The example at Liscasey in County Clare is one such site, a rath, which is the Irish term for a roughly circular earthen enclosure, typically defined by one or more raised banks and ditches. These structures were the farmsteads of early medieval Ireland, built and occupied broadly between the fifth and twelfth centuries, and they functioned as domestic enclosures rather than military fortifications, despite the word "fort" in their modern name.

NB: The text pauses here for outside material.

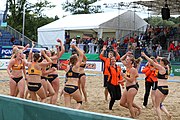 Deutsch: Beachhandball Europameisterschaften 2019 (Beach handball Euro); Tag 6: 7. Juli 2019 – Spiel um Platz Drei, Frauen, Kroatien-Niederlande 0:2 (14:23, 20:22) English: Beach handball Euro; Day 6: 7 July 2019 – Women's Bronze Medal Match – Croatia-Netherlands 0:2 (14:23, 20:22)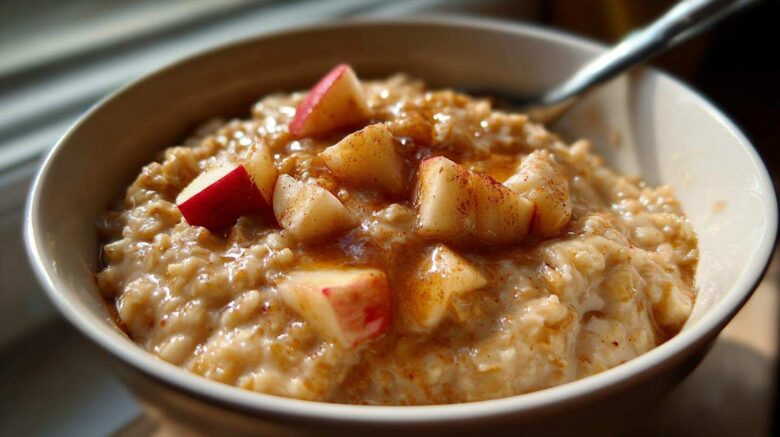 15-Minute Apple Cinnamon Oatmeal with Maple Swirl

Liscasey itself is a small townland in east Clare, a county whose landscape is densely layered with early medieval remains. Clare sits at a kind of crossroads between the limestone plateaus of the Burren to the north-west and the softer agricultural lowlands that stretch toward the Shannon, and ringforts appear throughout both types of terrain. A rath of this kind would originally have enclosed a family farmstead, protecting livestock and dwellings from wolves and opportunistic raiding rather than organised warfare. The earthen banks, built up from the material dug out to form the surrounding ditch, could be reinforced with timber palisades, though little trace of such structures survives above ground after more than a thousand years. What does survive, in many cases, is the circular outline itself, sometimes slight and grassed over, sometimes still impressively defined.